For systemd units, add NFS_SERVER_SCOPE to some environment files
and inject the "unshare --uts" into the ExecStart command lines
using override drop-in files.
---
 heartbeat/nfsserver | 120 +++++++++++++++++++++++++++++++++++++++++++-
 1 file changed, 119 insertions(+), 1 deletion(-)

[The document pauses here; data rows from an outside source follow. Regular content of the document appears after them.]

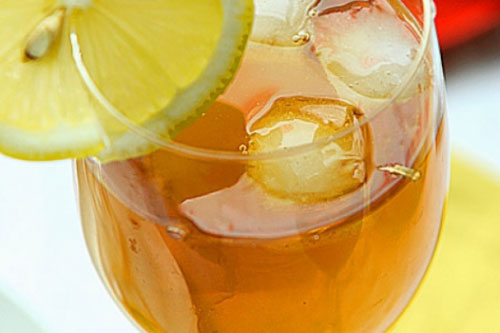 Uống nước này giảm có thể 3kg trong 1 tuần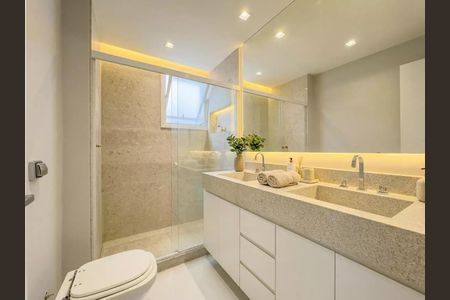 Apartamento à venda com 3 quartos, 100m² em Leblon, Rio de Janeiro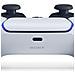 Controller Wireless DualSense per PlayStation 5 Colore Bianco / Nero - Foto miniatura 8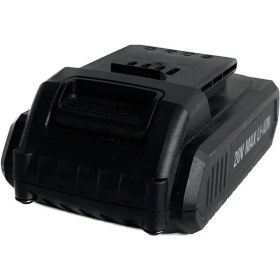 Resim Hasyılmaz Oem Tolls 20V 1.5AH Li-Ion Akü JDB514218 (Kutusuz) 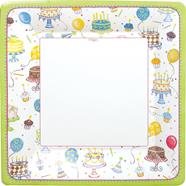 PLATOS FIESTA CUMPLEAÑOS - CASPARI | 146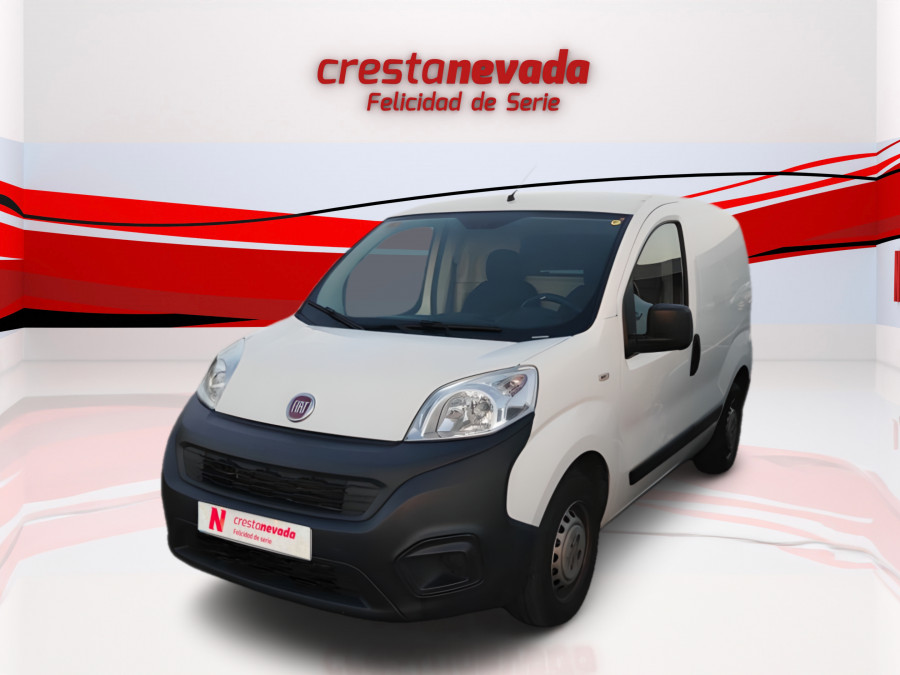 Imagen de Fiat Fiorino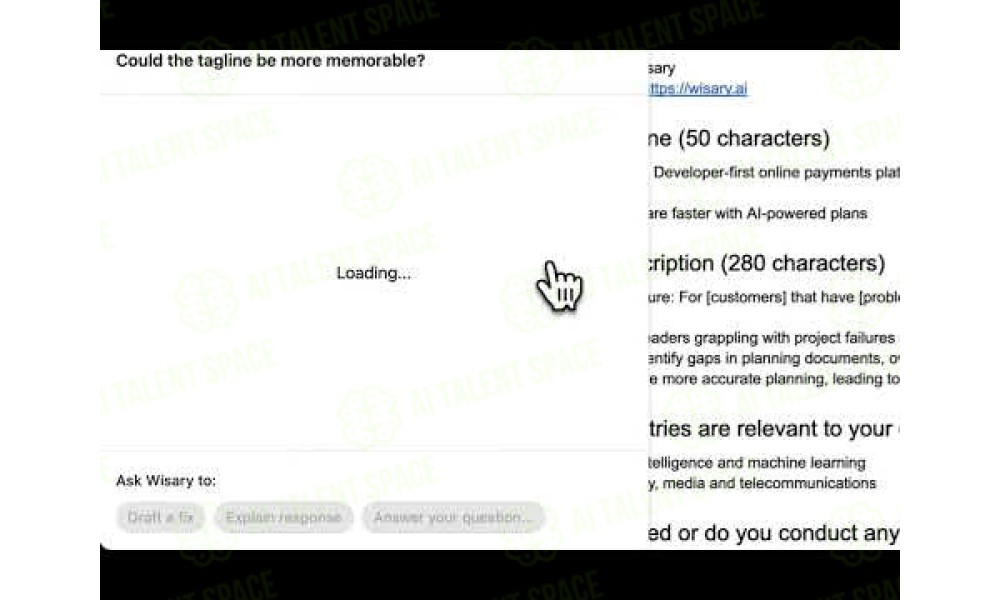 Wisary Assistant - Image 4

diff --git a/heartbeat/nfsserver b/heartbeat/nfsserver
index 96b19abe36..0888378645 100755
--- a/heartbeat/nfsserver
+++ b/heartbeat/nfsserver
@@ -5,6 +5,18 @@
 # by hxinwei@gmail.com
 # License: GNU General Public License v2 (GPLv2) and later
 
+
+# I don't know for certain whether all services actuall _need_ this,
+# I know that at least nfs-server needs it.
+# The rgmanager resource agent in rgmanager/src/resources/nfsserver.sh.in
+# did the unshare for gssd and idmapd as well, even though it seems unclear why.
+# Let's start with just the nfs-server, and add others if/when we have clear
+# indication they need it.
+#NFSD_RELATED_SYSTEMD_SERVICE_FOR_UNSHARE_UTS_NAMESPACE="nfs-idmapd.service nfs-mountd.service nfs-server.service nfsdcld.service rpc-gssd.service rpc-statd.service rpcbind.service"
+NFSD_RELATED_SYSTEMD_SERVICE_FOR_UNSHARE_UTS_NAMESPACE="nfs-server.service"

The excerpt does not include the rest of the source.